A Brief Introduction to the Art of Puppetry, by Larry Engler

Probably everyone reading this has either made a puppet, worked a puppet, or at least seen puppets in a school, theatre, or in a film or on TV.

For most of us, puppets have come to mean the type of furry and fuzzy creatures with moving mouths that we see on television.

Actually, puppetry is and ancient and universal art form that is part of many diverse cultures around the world. There are also many types of puppets; hand puppets, shadow puppets, marionettes (or string puppets), rod puppets, finger puppets, moving-mouth puppets, and even remote controlled, giant, and foot puppets!

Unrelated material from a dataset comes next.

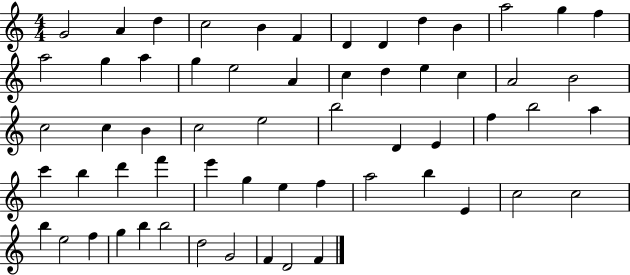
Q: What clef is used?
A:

Puppets can also be made out of hundreds of different types of materials; wood, plastic, fabric, foam rubber, paper, cardboard, leather, and Styrofoam, to name just a few.

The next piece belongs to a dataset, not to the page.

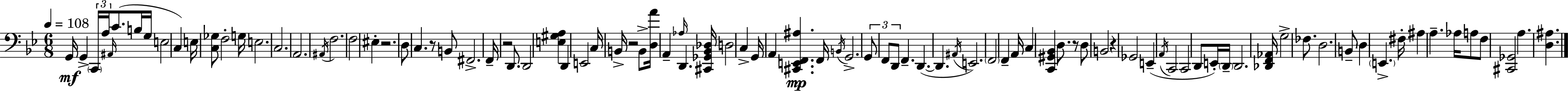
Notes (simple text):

G2/s G2/q C2/s A3/s A#2/s C4/e. B3/s G3/s E3/h C3/q E3/s [C3,Gb3]/e F3/h G3/s E3/h. C3/h. A2/h. A#2/s F3/h. F3/h EIS3/q R/h. D3/e C3/q. R/e B2/e F#2/h. F2/s R/h D2/e. D2/h [E3,G#3,A3]/q D2/q E2/h C3/s B2/s R/h B2/e [D3,A4]/s A2/q Ab3/s D2/q. [C#2,Gb2,Bb2,Db3]/s D3/h C3/q G2/s A2/q [C#2,E2,F2,A#3]/q. F2/s B2/s G2/h. G2/e F2/e D2/e F2/q. D2/q. D2/q. A#2/s E2/h. F2/h F2/q A2/s C3/q [C2,G#2,Bb2]/q D3/e. R/e D3/e B2/h R/q Gb2/h E2/q A2/s C2/h C2/h D2/e E2/s D2/s D2/h. [Db2,F2,Ab2]/s G3/h FES3/e. D3/h. B2/e D3/q E2/q. F#3/s A#3/q A3/q. Ab3/s A3/e F3/e [C#2,Gb2]/h A3/q. [D3,A#3]/q. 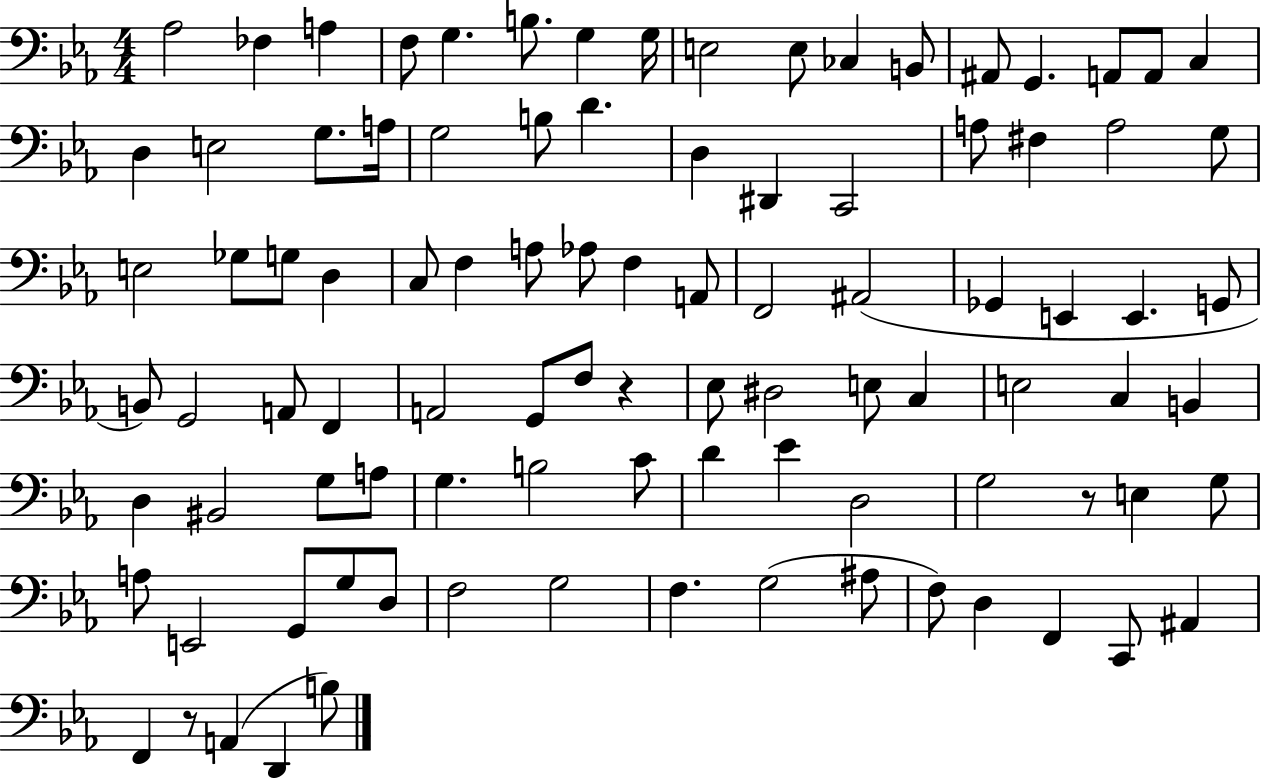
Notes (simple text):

Ab3/h FES3/q A3/q F3/e G3/q. B3/e. G3/q G3/s E3/h E3/e CES3/q B2/e A#2/e G2/q. A2/e A2/e C3/q D3/q E3/h G3/e. A3/s G3/h B3/e D4/q. D3/q D#2/q C2/h A3/e F#3/q A3/h G3/e E3/h Gb3/e G3/e D3/q C3/e F3/q A3/e Ab3/e F3/q A2/e F2/h A#2/h Gb2/q E2/q E2/q. G2/e B2/e G2/h A2/e F2/q A2/h G2/e F3/e R/q Eb3/e D#3/h E3/e C3/q E3/h C3/q B2/q D3/q BIS2/h G3/e A3/e G3/q. B3/h C4/e D4/q Eb4/q D3/h G3/h R/e E3/q G3/e A3/e E2/h G2/e G3/e D3/e F3/h G3/h F3/q. G3/h A#3/e F3/e D3/q F2/q C2/e A#2/q F2/q R/e A2/q D2/q B3/e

We often think of puppets as entertainment for children. However, in many countries around the world, the puppets also perform for adults. Puppets are an important part of many religious ceremonies around the world, and are also adept at performing operas, dramas, ballets, and in theatres, on ships, in churches, outdoors, and in hundreds of other venues.

So what is the common thread that unites all of these diverse creations , which are made from many types of materials, worked in many different ways and performed in many different kinds of places?
Put another way: “What is a puppet”?

Bil Baird, one of America’s most famous puppeteers wrote, “A puppet is an inanimate figure that is made to move by human effort before an audience.”

That definition covers a lot bases. The materials that the puppet is made of are not alive.
A human moves the puppet to bring it to life in front of an audience.
Similar to a doll, often both in construction and appearance, the puppet is used to communicate something to an audience. A doll usually comes to life for only the person playing with it.

The giant balloons that are a part of the Annual New York Thanksgiving Day Parade were originally created by another famous American puppeteer named Tony Sarg.
He conceived them as giant marionettes worked from underneath rather than from above. How about a 20 foot long dragon in a Chinese New Year’s celebration? Are the robotic figures, and the life size masked “walk-around” characters in theme parks also puppets?

Perhaps this brief introduction to the art of puppetry will inspire you to find out more about the many different types of puppets that exist all over the world.

[Editorial note: there is only one “l” in “Bil Baird” that it is a typo.]